After that, Jesus was also a street boy, starving and sometimes beaten up or cut.  The only advantage he had was that he didn’t need drugs -- he just spaced out -- and when tricks infected him with AIDS, he just infected them right back with his own AIDS.

Finally one day in a major city in the US of A, the authorities captured Jesus along with other street boys.  They knew he was a street boy because he was filthy, bruised, hungry, and shivering.  This meant to them that he was bad and no one cared about him.  If they had fucked him, they would have been infected with his AIDS, but they didn’t even check him for the earthly version because then they would have to pay money for the drugs to treat it.  Well, they would if anyone figured out they weren’t doing it, because they were supposed to take care of the people in their custody.  Money meant much more to them than sex.  Sex was common, everyone had sex, you didn’t have to pay for it, you just took it.  Sex is just a hole.  Money is everything.

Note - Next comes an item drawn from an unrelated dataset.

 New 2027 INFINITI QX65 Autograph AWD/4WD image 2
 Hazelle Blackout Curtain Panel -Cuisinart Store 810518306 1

So Jesus was loaded into a bus and transported to the middle of Mexico and just dumped there.  No one knows what happened to him after that.  Some think that he has come back to America but there have been very few new cases of Heavenly Inspiration Dedication Syndrome.  It’s just not very contagious because greed kills it and there’s a lot of greed around.  

But some people say that he’s on the streets again and he might be the very next ragged, dirty, starving, shivering boy you run across.  This is the reason that the believers will kiss such a boy on the mouth and buy him a meal.  Because you never know which one of them is a carrier.  People might not believe in miracles anymore, but they’d damn well better believe in epidemics.  Sooner or later.  It’s a kind of crucifixion, which means "open arms."